[Data extract — start]

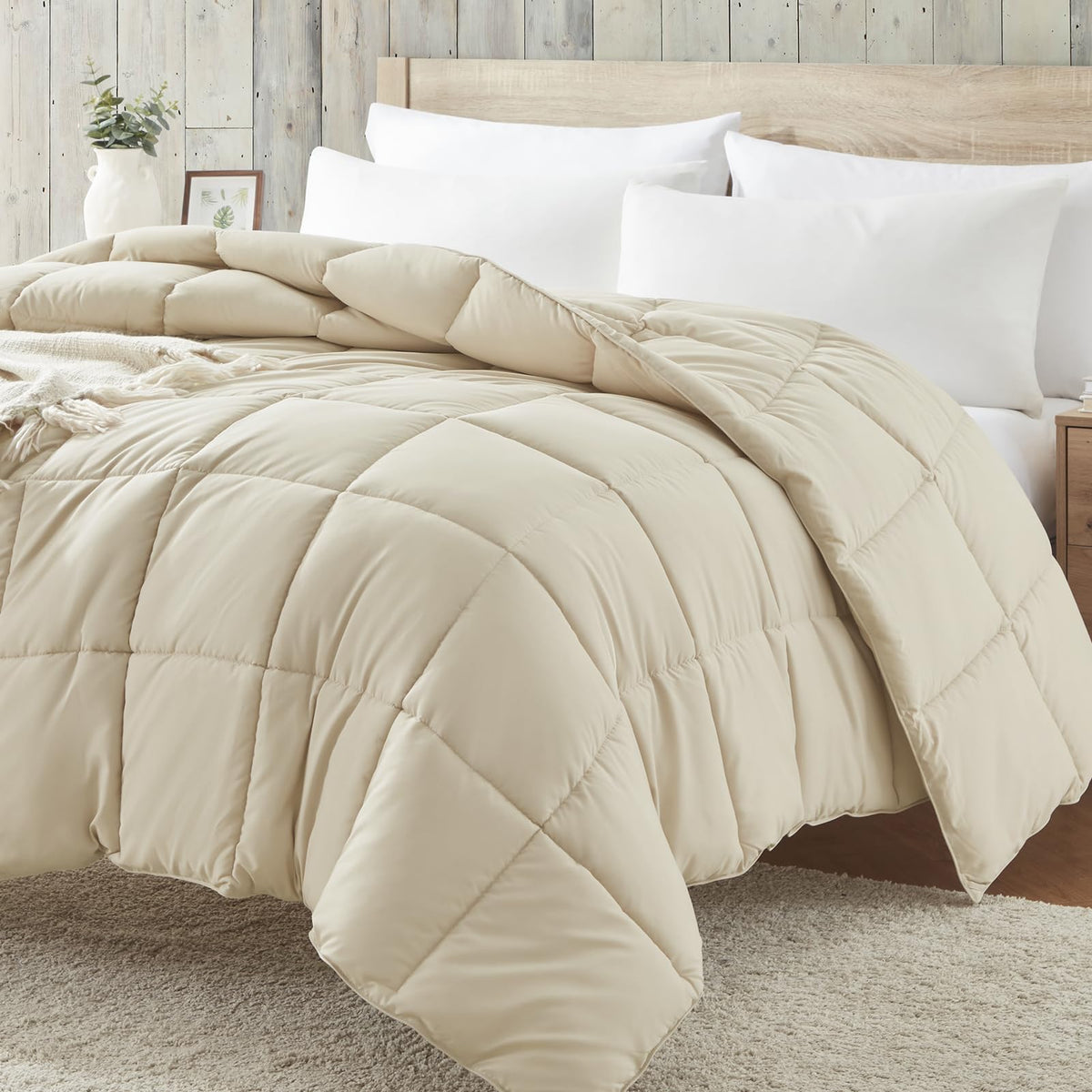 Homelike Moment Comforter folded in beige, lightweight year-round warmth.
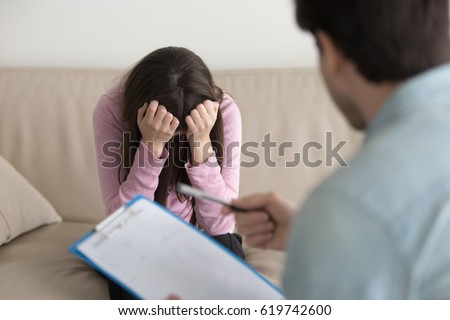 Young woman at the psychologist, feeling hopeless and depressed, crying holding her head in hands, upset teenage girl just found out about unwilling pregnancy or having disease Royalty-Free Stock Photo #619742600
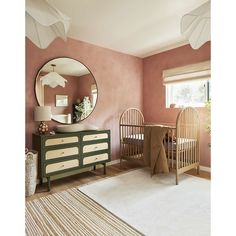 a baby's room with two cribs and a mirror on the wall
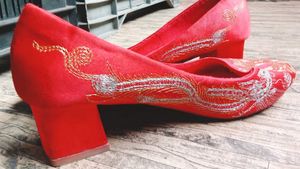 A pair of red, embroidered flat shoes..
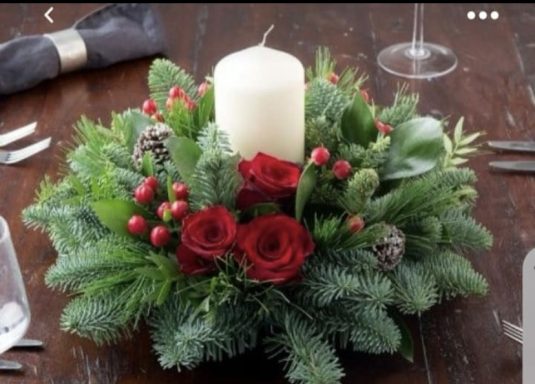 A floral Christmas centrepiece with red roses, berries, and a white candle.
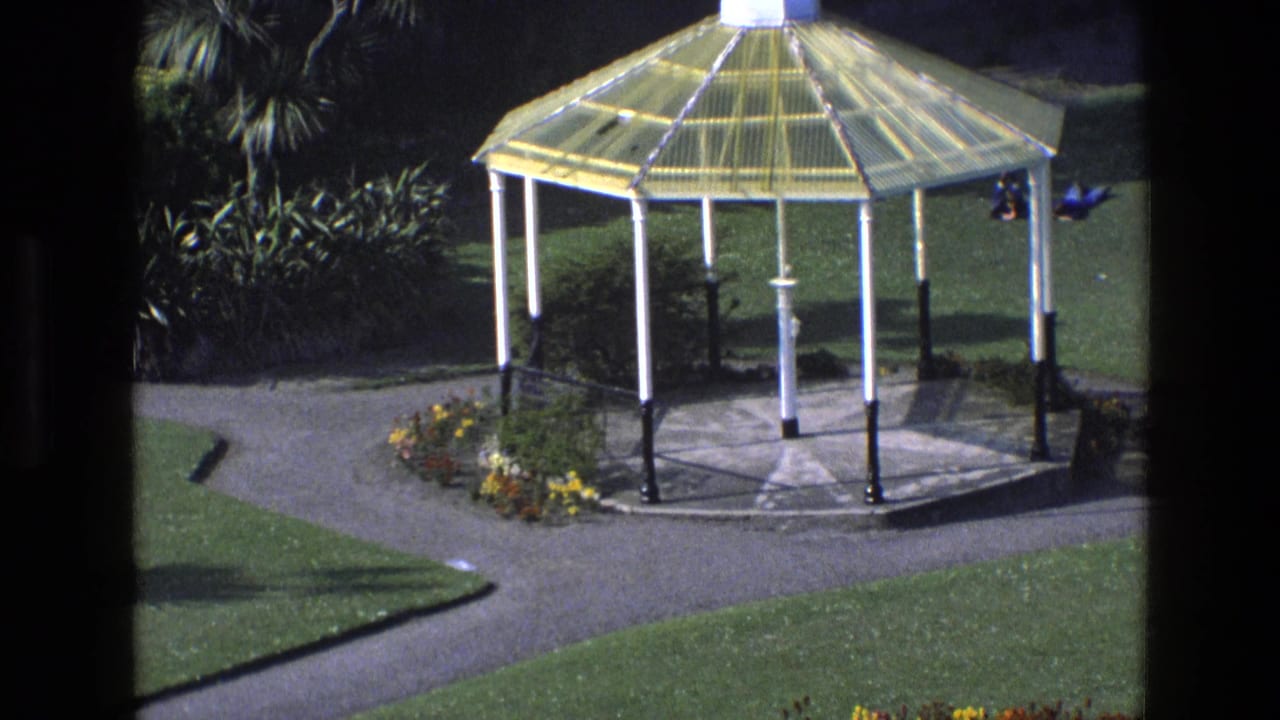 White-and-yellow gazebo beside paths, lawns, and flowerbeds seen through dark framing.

[Data extract — finish]
[Data extract — start]

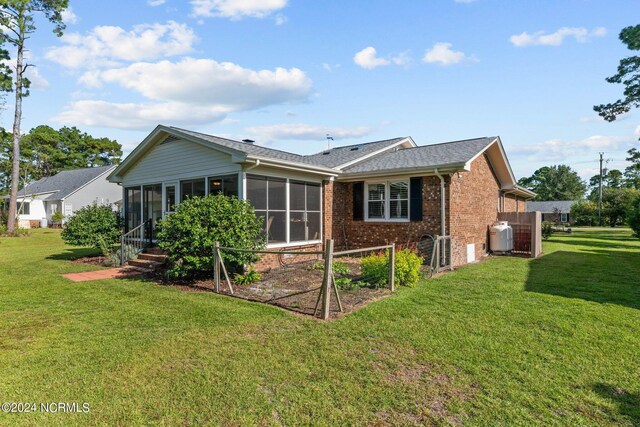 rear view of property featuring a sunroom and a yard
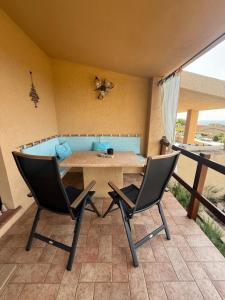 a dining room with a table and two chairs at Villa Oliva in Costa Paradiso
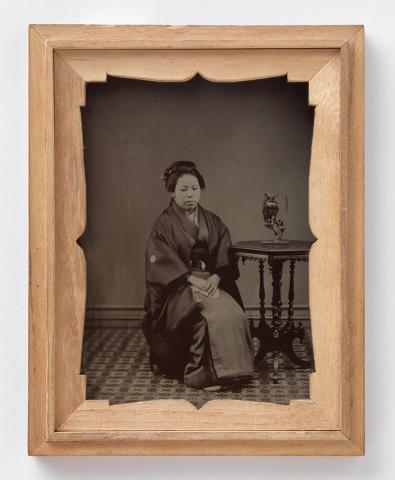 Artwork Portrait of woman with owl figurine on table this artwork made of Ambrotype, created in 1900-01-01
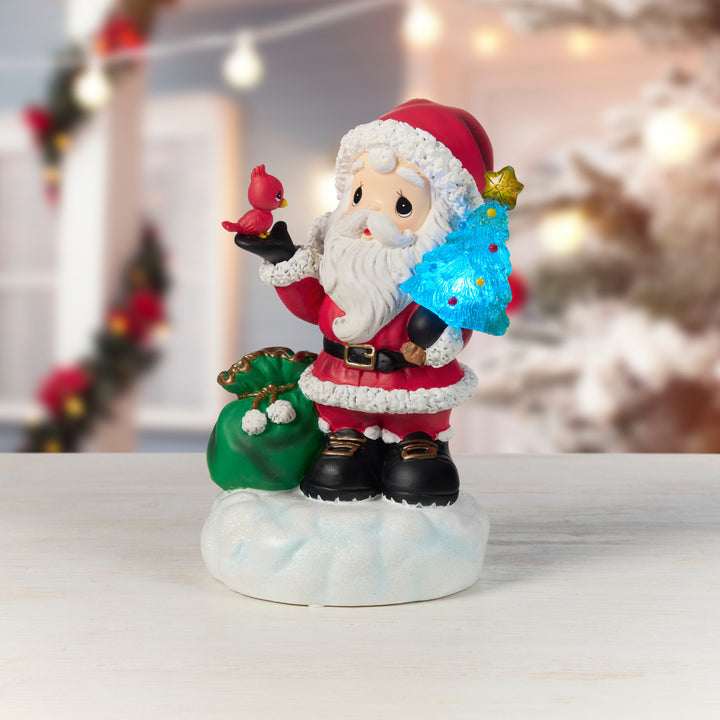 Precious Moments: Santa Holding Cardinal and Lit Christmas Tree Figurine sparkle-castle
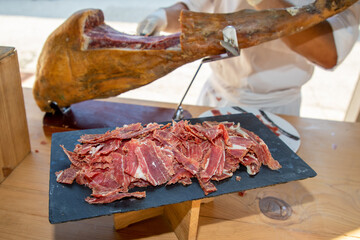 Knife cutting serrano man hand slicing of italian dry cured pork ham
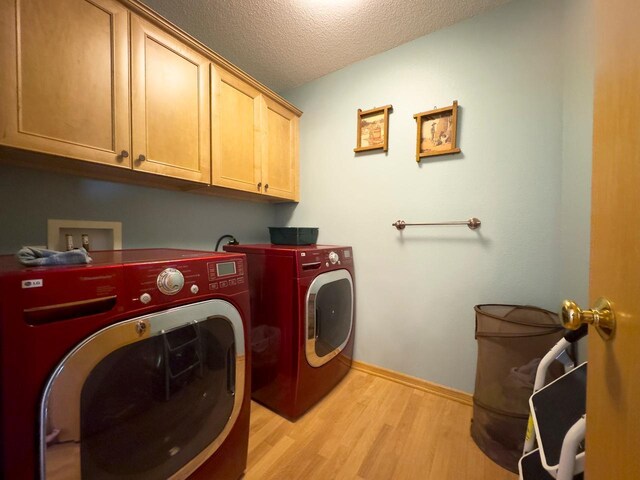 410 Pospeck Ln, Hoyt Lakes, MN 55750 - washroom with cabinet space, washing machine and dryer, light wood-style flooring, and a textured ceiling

[Data extract — finish]
[Data extract — start]

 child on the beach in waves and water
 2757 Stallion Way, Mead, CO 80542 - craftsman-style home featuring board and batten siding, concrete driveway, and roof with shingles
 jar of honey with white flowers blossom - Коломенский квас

[Data extract — finish]

Task to complete: Reproduce exactly, with no pictures, the lines above from the one holding "Homelike Moment Comforter" to the one holding "White-and-yellow gazebo beside", inclusive.

Finished task:
 Homelike Moment Comforter folded in beige, lightweight year-round warmth.
 Young woman at the psychologist, feeling hopeless and depressed, crying holding her head in hands, upset teenage girl just found out about unwilling pregnancy or having disease Royalty-Free Stock Photo #619742600
 a baby's room with two cribs and a mirror on the wall
 A pair of red, embroidered flat shoes..
 A floral Christmas centrepiece with red roses, berries, and a white candle.
 White-and-yellow gazebo beside paths, lawns, and flowerbeds seen through dark framing.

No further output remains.